By: Wilco (Wilco.dijkstra.delete@this.ntlworld.com), December 14, 2018 4:41 am
Room: Moderated Discussions
anon.1 (abc.delete@this.def.com) on December 13, 2018 8:15 pm wrote:
> Travis Downs (travis.downs.delete@this.gmail.com) on December 13, 2018 11:55 am wrote:
> > anon (spam.delete.delete@this.this.spam.com) on September 18, 2018 12:27 pm wrote:
> >
> > > Then how do you explain the restriction? What prevents the use of the
> > > fast path with registers that weren't the result of an earlier load?
> >
> >
> > Something that might be related to the 1-cycle longer latency for pointer
> > chasing loops that have an ALU op came up in the Sunny Cove slides:
> >
> >
> >
> > In the "Skylake reminder" it clearly shows that there is a separate RS for the 3
> > AGUs. That's the first I've hard of this possibility (Intel usually describes their
> > scheduler as a single unified scheduler, so it comes as a bit of a surprise).
> >
> > Perhaps a separate scheduler is used because the implementation for loads is more complicated due to replay
> > considerations (although really it complicates all the dependent operations) or because these are the
> > only (?) uops with variable latency. In any case, it could imply that the extra cycle occurs because of
> > cross-RS delays: such as the AGU is the only one that knows whether an op is 4 or 5 latency, so operations
> > in the ALU RS just wake up with conservative value of 5 cycles, which almost always works.
> >
> > Or, the slide could just be wrong. There are other errors there, like where it shows the scalar
> > mul unit on p5 in SKL, but it is actually on p1 there (and so Anandtech subsequently mentioned
> > that the mul unit is moving around based on this incorrect slide). Still it looks deliberate
> > to me how they have broken up the RS boxes, not just a quirk of the diagram.
> >
> > Or, the slide could be right but the separate RS has no practical impact on the load->ALU latency.
>
> I had heard about the split AGU from someone who did microbenchmarks, much like you :) According to
> this person, intel had a 64 e "unified scheduler[1]" for non-agen, and a 32 entry Agen scheduler,
> resulting in a total of 96. The previous scheduler (Haswell) was 64 entries. I had mentioned it once
> on this forum and someone said that wasn't what the optimization guide says, so I didn't push it further
> (and I wasn't too bothered to test it for myself). Good to see them acknowledge it.
>
> Separating agen could be for the following reasons: (1) Agen ops don't need to do a tag broadcast, so you can
> take them out of the main single-cycle loop and maybe physically move them closer to the load/store unit (provided
> that you don't increase the ALU->AGU tag and data latency in doing so). (2) Reduces the number of read and write
> ports required on your "unified scheduler". Zen is logically pretty much like this, if you recall: 4x ALU, 2x
> AGU queues. Only that intel has merged the AGU queues and may have merged the ALU queues.
>
> A separate store data scheduler is also likely for similar reasons: you don't need to
> do a tag broadcast for store data so why have it compete with tag-broadcasting ops? ANd
> you can move the scheduler physically closer to the store queue. 2 stores is interesting
> though... is it 2 stores generally (including AVX-512?) or with restrictions?
>
>
> [1] unified meaning that the person could not figure out how it was partitioned, if at all. I suspect
> it is partitioned somehow, but it's not easy to make out from directed tests. I am not convinced that
> the ALU scheduler is unified either, but that seems hard to test, so it's at least symmetrical.

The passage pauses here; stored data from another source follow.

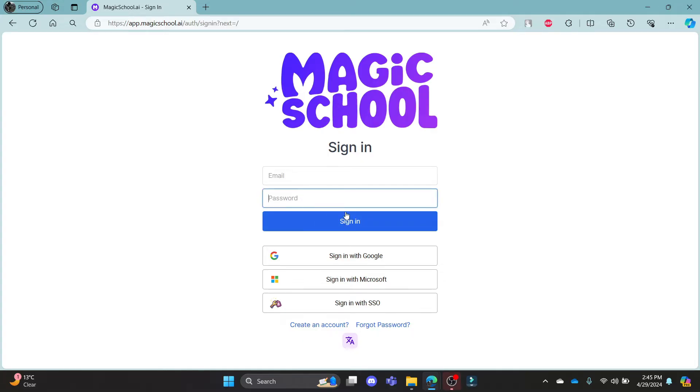This way, you can sign in using your email address in Magicschool. If you want to skip all of this hectic process and want to sign in using your Google account,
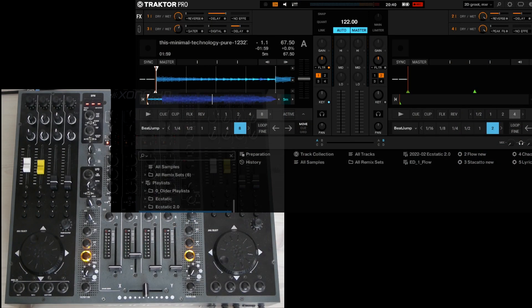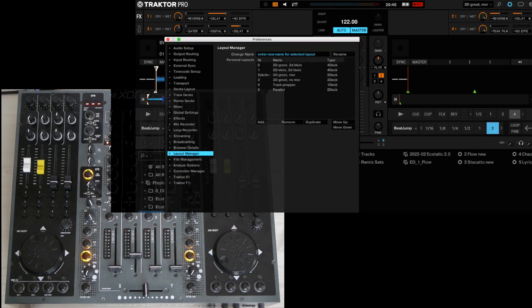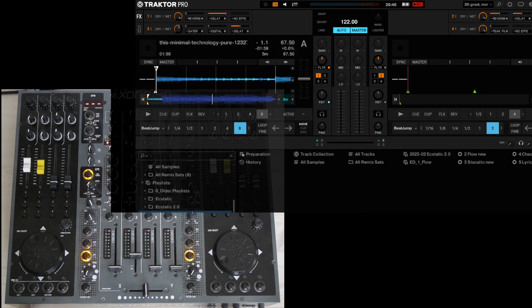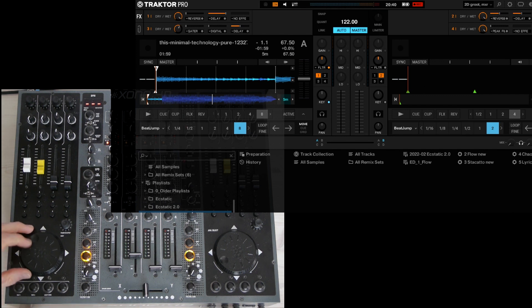Let's start with the left jog wheel. In the preferences, you can save different layouts, and by pressing the left jog wheel, you can scroll through these layouts.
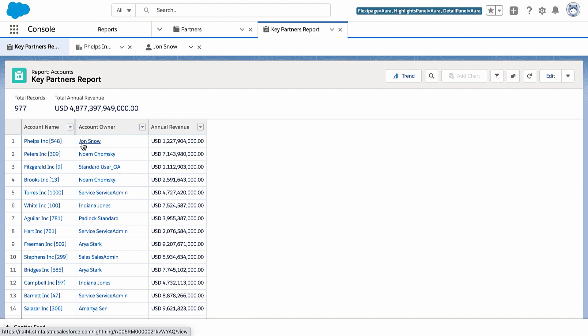Finally, if you want to edit the report, click edit to open the report builder in the same tab.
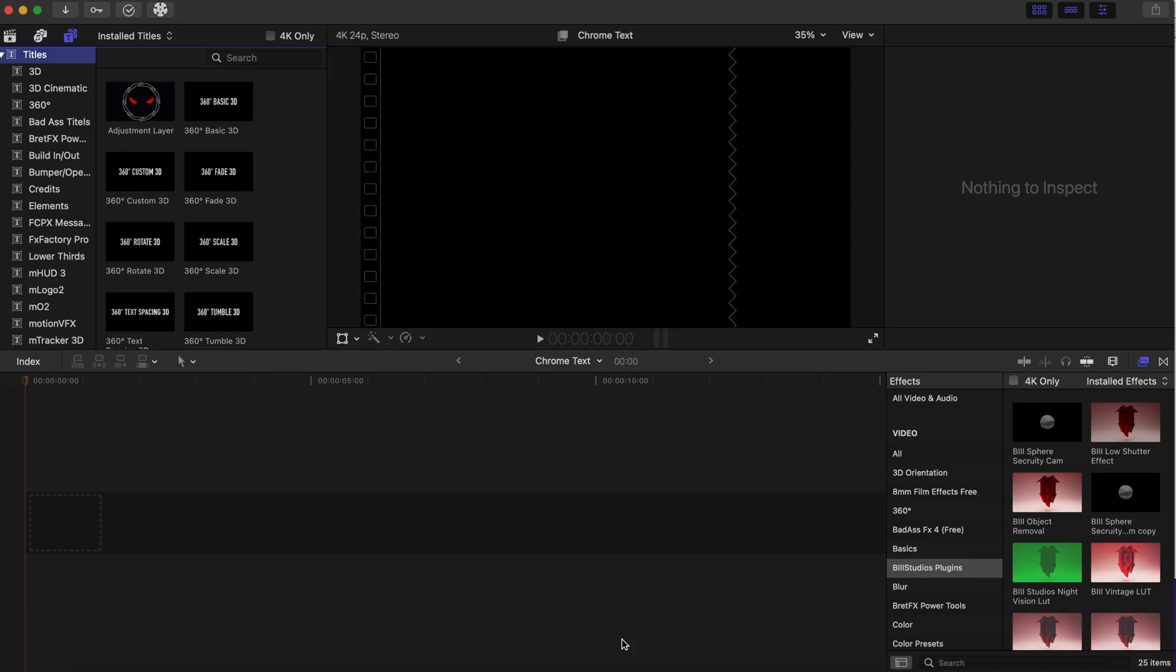Hello everybody, welcome back to the channel. Today we'll be getting into 3D chrome text for free in Final Cut Pro, and I also have a little secret for you guys, so I hope you stay to the end for that.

It should be easy to test by having a long sequence of multiplies followed by independent ALU ops that use a different port (eg. shift). If they fit in the RS they execute in parallel, if not you get more sequential execution.
Wilco
> Travis Downs (travis.downs.delete@this.gmail.com) on December 13, 2018 11:55 am wrote:
> > anon (spam.delete.delete@this.this.spam.com) on September 18, 2018 12:27 pm wrote:
> >
> > > Then how do you explain the restriction? What prevents the use of the
> > > fast path with registers that weren't the result of an earlier load?
> >
> >
> > Something that might be related to the 1-cycle longer latency for pointer
> > chasing loops that have an ALU op came up in the Sunny Cove slides:
> >
> >

> >
> > In the "Skylake reminder" it clearly shows that there is a separate RS for the 3
> > AGUs. That's the first I've hard of this possibility (Intel usually describes their
> > scheduler as a single unified scheduler, so it comes as a bit of a surprise).
> >
> > Perhaps a separate scheduler is used because the implementation for loads is more complicated due to replay
> > considerations (although really it complicates all the dependent operations) or because these are the
> > only (?) uops with variable latency. In any case, it could imply that the extra cycle occurs because of
> > cross-RS delays: such as the AGU is the only one that knows whether an op is 4 or 5 latency, so operations
> > in the ALU RS just wake up with conservative value of 5 cycles, which almost always works.
> >
> > Or, the slide could just be wrong. There are other errors there, like where it shows the scalar
> > mul unit on p5 in SKL, but it is actually on p1 there (and so Anandtech subsequently mentioned
> > that the mul unit is moving around based on this incorrect slide). Still it looks deliberate
> > to me how they have broken up the RS boxes, not just a quirk of the diagram.
> >
> > Or, the slide could be right but the separate RS has no practical impact on the load->ALU latency.
>
> I had heard about the split AGU from someone who did microbenchmarks, much like you :) According to
> this person, intel had a 64 e "unified scheduler[1]" for non-agen, and a 32 entry Agen scheduler,
> resulting in a total of 96. The previous scheduler (Haswell) was 64 entries. I had mentioned it once
> on this forum and someone said that wasn't what the optimization guide says, so I didn't push it further
> (and I wasn't too bothered to test it for myself). Good to see them acknowledge it.
>
> Separating agen could be for the following reasons: (1) Agen ops don't need to do a tag broadcast, so you can
> take them out of the main single-cycle loop and maybe physically move them closer to the load/store unit (provided
> that you don't increase the ALU->AGU tag and data latency in doing so). (2) Reduces the number of read and write
> ports required on your "unified scheduler". Zen is logically pretty much like this, if you recall: 4x ALU, 2x
> AGU queues. Only that intel has merged the AGU queues and may have merged the ALU queues.
>
> A separate store data scheduler is also likely for similar reasons: you don't need to
> do a tag broadcast for store data so why have it compete with tag-broadcasting ops? ANd
> you can move the scheduler physically closer to the store queue. 2 stores is interesting
> though... is it 2 stores generally (including AVX-512?) or with restrictions?
>
>
> [1] unified meaning that the person could not figure out how it was partitioned, if at all. I suspect
> it is partitioned somehow, but it's not easy to make out from directed tests. I am not convinced that
> the ALU scheduler is unified either, but that seems hard to test, so it's at least symmetrical.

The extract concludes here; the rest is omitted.